PROVIDED RECORDS Start Marker

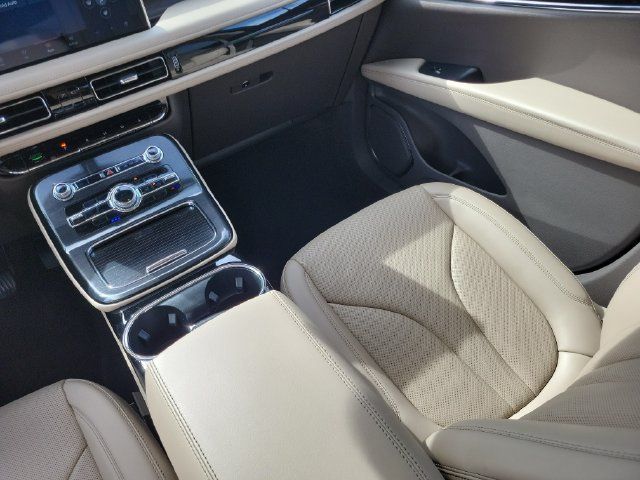 Used 2023 Lincoln Nautilus Reserve FWD image 27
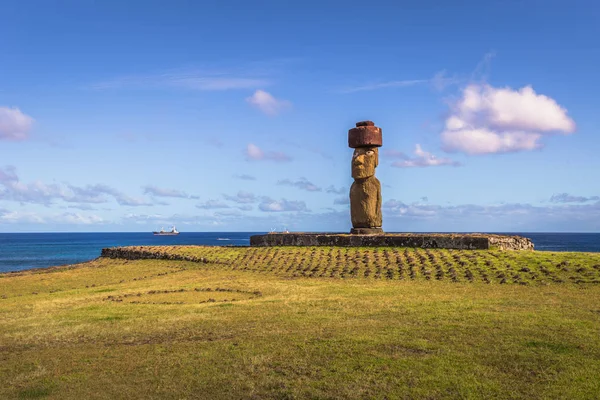 Ahu Tahai, Ilha de Páscoa - 12 de julho de 2017: Sagrado altar Moai de Ahu Tahai — Fotografia de Stock
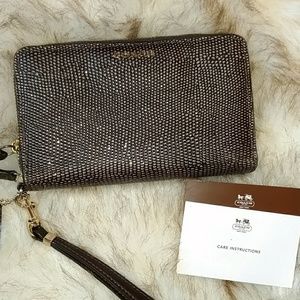 Coach Wristlet/Wallet like Brand New!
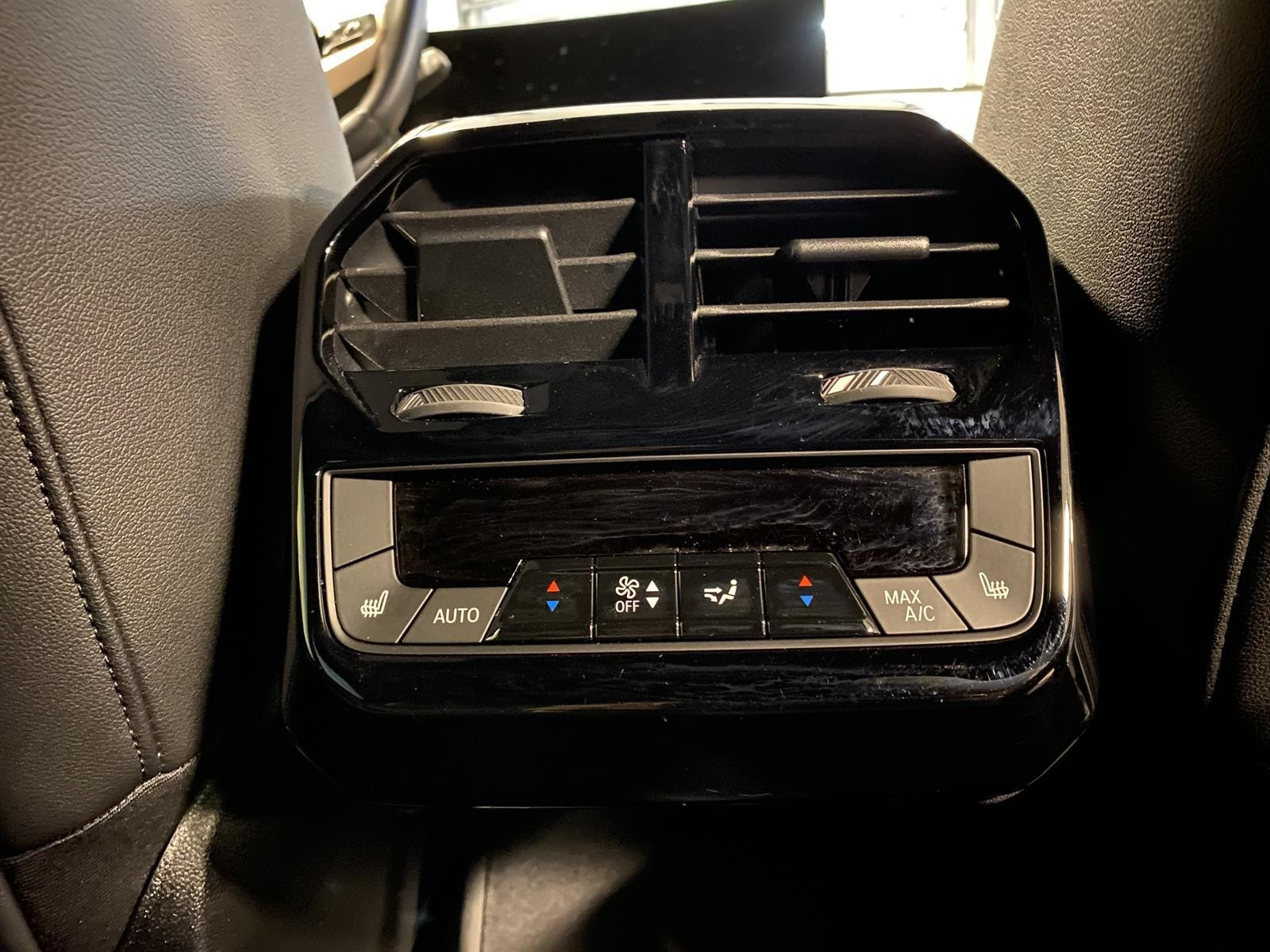 BMW iX xDrive 40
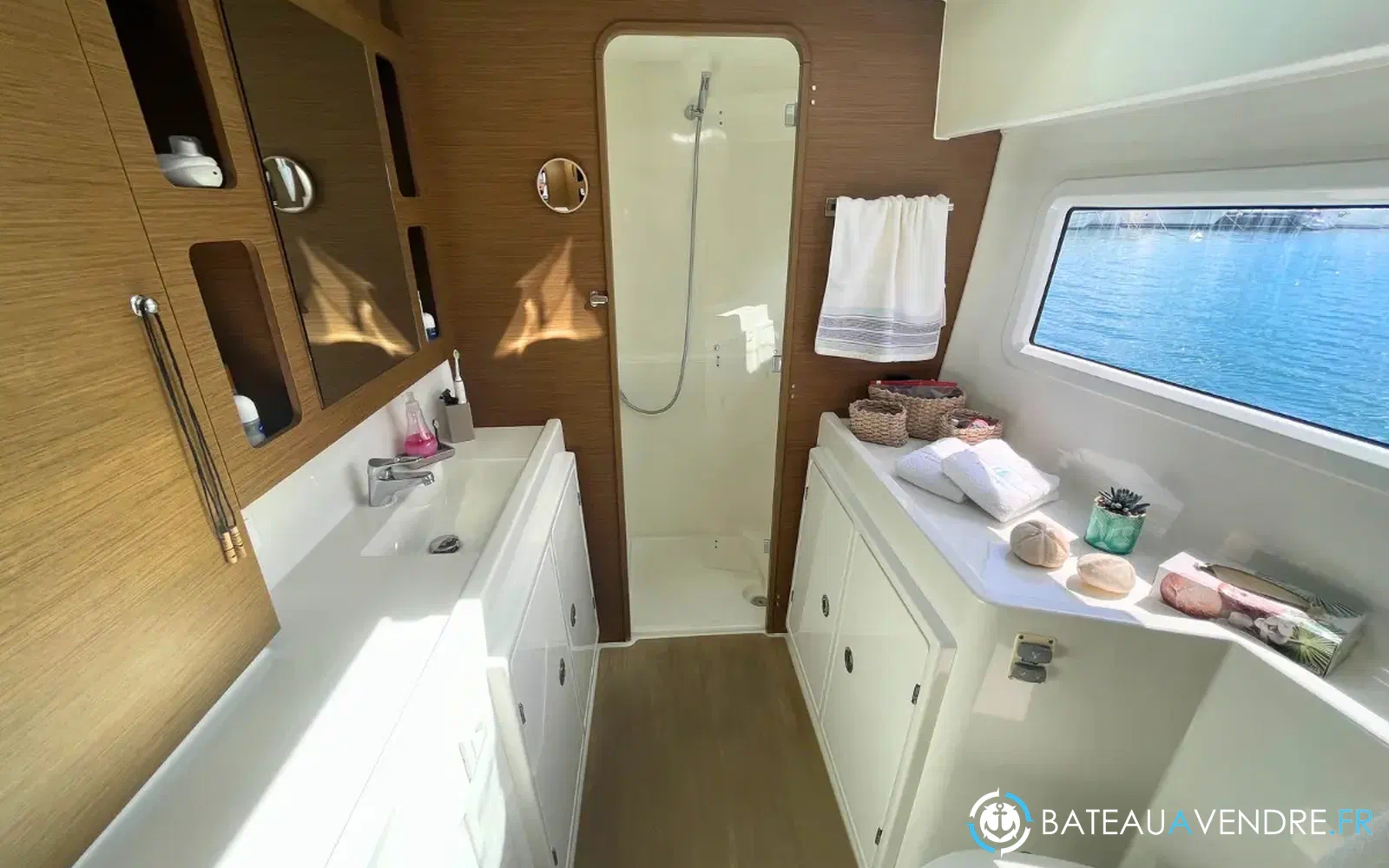 slider 38 Lagoon 42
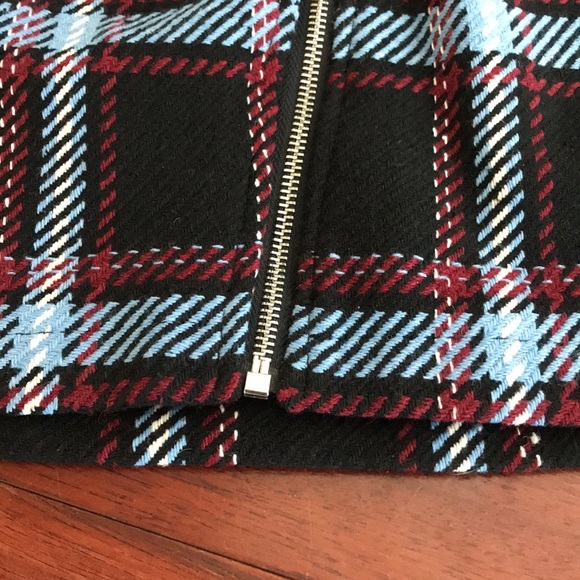 NWT Simplee Zip Skirt - Picture 3 of 8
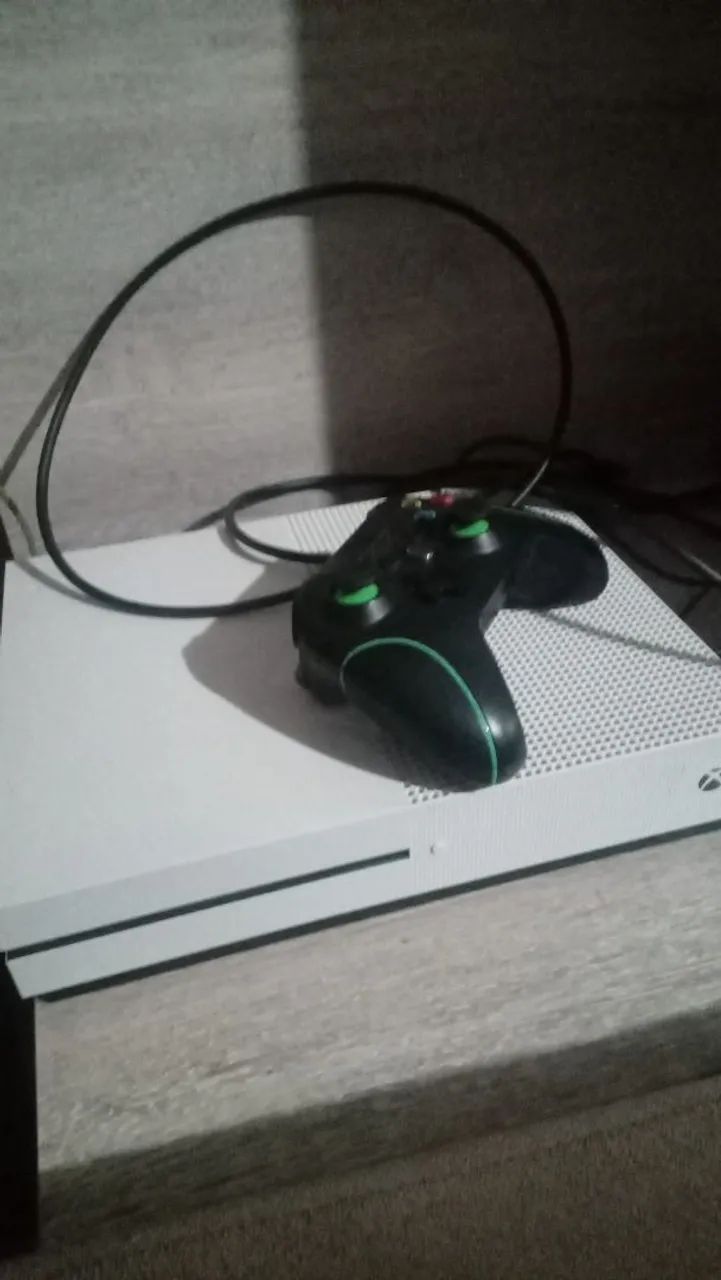 Xbox One S, 4 jogos, 1 controle e todos os cabos - Foto 2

PROVIDED RECORDS End Marker

REQUIRED ACTION — Write out the whole listing exactly, and drop the pictures.

WRITTEN SOLUTION —
 Used 2023 Lincoln Nautilus Reserve FWD image 27
 Ahu Tahai, Ilha de Páscoa - 12 de julho de 2017: Sagrado altar Moai de Ahu Tahai — Fotografia de Stock
 Coach Wristlet/Wallet like Brand New!
 BMW iX xDrive 40
 slider 38 Lagoon 42
 NWT Simplee Zip Skirt - Picture 3 of 8
 Xbox One S, 4 jogos, 1 controle e todos os cabos - Foto 2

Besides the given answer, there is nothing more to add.